→ What is expected: Examine the entries and show every line in which the word "Live" is found.

→ Entries provided:
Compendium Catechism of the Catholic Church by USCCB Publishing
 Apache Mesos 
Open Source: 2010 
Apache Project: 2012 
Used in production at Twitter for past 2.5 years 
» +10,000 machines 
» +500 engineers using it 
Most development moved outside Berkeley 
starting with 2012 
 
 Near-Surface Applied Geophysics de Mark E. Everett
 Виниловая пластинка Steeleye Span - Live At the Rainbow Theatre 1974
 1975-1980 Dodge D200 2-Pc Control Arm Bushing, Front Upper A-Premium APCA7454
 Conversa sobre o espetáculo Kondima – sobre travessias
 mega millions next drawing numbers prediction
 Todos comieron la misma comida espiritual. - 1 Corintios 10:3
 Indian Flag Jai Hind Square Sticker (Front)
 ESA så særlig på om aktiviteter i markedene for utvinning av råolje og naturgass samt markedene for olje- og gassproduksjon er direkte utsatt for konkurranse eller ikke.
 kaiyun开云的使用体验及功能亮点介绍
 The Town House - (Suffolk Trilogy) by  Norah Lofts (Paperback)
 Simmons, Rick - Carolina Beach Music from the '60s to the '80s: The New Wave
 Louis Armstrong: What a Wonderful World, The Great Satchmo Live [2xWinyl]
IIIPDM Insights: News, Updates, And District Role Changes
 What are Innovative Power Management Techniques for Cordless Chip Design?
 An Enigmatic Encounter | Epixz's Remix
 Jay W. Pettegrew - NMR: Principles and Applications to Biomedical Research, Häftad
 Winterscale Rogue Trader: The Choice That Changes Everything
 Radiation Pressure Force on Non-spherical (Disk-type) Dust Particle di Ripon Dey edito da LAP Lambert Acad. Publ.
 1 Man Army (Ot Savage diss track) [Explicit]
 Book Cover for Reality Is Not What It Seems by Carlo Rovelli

→ Response:
 Виниловая пластинка Steeleye Span - Live At the Rainbow Theatre 1974
 Louis Armstrong: What a Wonderful World, The Great Satchmo Live [2xWinyl]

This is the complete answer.